##【はじめに】
MSYS2(64bit版)には3つの起動スクリプトが存在します。
- msys2_shell.bat
- mingw64_shell.bat
- mingw32_shell.bat
これらの中からどのスクリプトからshellを起動するべきかをまとめておきます。
##【基本事項】
PACMAN でインストールできるパッケージは msys / mingw32 / mingw64 の3つのグループにカテゴライズされており、それぞれインストールされるアプリケーション(ライブラリ)の内容やインストール先が異なります。
グループ名 | インストール先 | インストールされるアプリケーション(ライブラリ) |
---|---|---|
msys | /user | MSYS2に依存した(64bit/32bit)アプリケーション(ライブラリ)郡(以下MSYS2アプリ) |
mingw64 | /mingw64 | 64bitのWindowsネイティブアプリケーション(ライブラリ)郡(以下64bitネイティブアプリ) |
mingw32 | /mingw32 | 32bitのWindowsネイティブアプリケーション(ライブラリ)郡(以下32bitネイティブアプリ) |
混ぜるな危険
MSYS2アプリとネイティブアプリは同じ環境で動作しているように見えますが別ものです。
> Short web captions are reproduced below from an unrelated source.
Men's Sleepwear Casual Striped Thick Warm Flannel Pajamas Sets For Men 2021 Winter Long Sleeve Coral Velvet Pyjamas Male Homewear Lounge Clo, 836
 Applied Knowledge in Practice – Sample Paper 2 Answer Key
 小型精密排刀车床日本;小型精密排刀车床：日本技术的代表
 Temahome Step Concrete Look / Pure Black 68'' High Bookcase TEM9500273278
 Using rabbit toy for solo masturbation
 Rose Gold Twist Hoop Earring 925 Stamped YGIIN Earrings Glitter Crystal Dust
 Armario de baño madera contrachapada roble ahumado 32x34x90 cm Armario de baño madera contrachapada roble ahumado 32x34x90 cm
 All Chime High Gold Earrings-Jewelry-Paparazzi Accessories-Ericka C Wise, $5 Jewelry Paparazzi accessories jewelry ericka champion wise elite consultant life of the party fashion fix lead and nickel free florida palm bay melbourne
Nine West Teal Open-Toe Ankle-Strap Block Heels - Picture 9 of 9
/mingw64(32) 以下の実行ファイルやライブラリを /user 以下にコピーや移動をすることは行わないようにしましょう。
【各起動スクリプトの動作】
-
msys2_shell.bat
実行環境として、MSYS2アプリが利用可能
開発環境として、MSYS2アプリを作成するためのコンパイル環境(gcc)を提供 -
mingw64_shell.bat
実行環境として、64bitネイティブアプリとMSYS2アプリが利用可能
(優先度は 64bitネイティブアプリ > MSYS2アプリ)
開発環境として、64bitネイティブアプリを作成するためのコンパイル環境(mingw64)を提供 -
mingw32_shell.bat
実行環境として、32bitネイティブアプリとMSYS2アプリが利用可能
(優先度は 32bitネイティブアプリ > MSYS2アプリ)
開発環境として、32bitネイティブアプリを作成するためのコンパイル環境(mingw32)を提供
上記のように動作する為の環境変数の設定処理は /etc/profile にて行われています。
##【結論】
* 開発環境(gcc)が必要な場合は開発するターゲットに応じて起動スクリプトを選択。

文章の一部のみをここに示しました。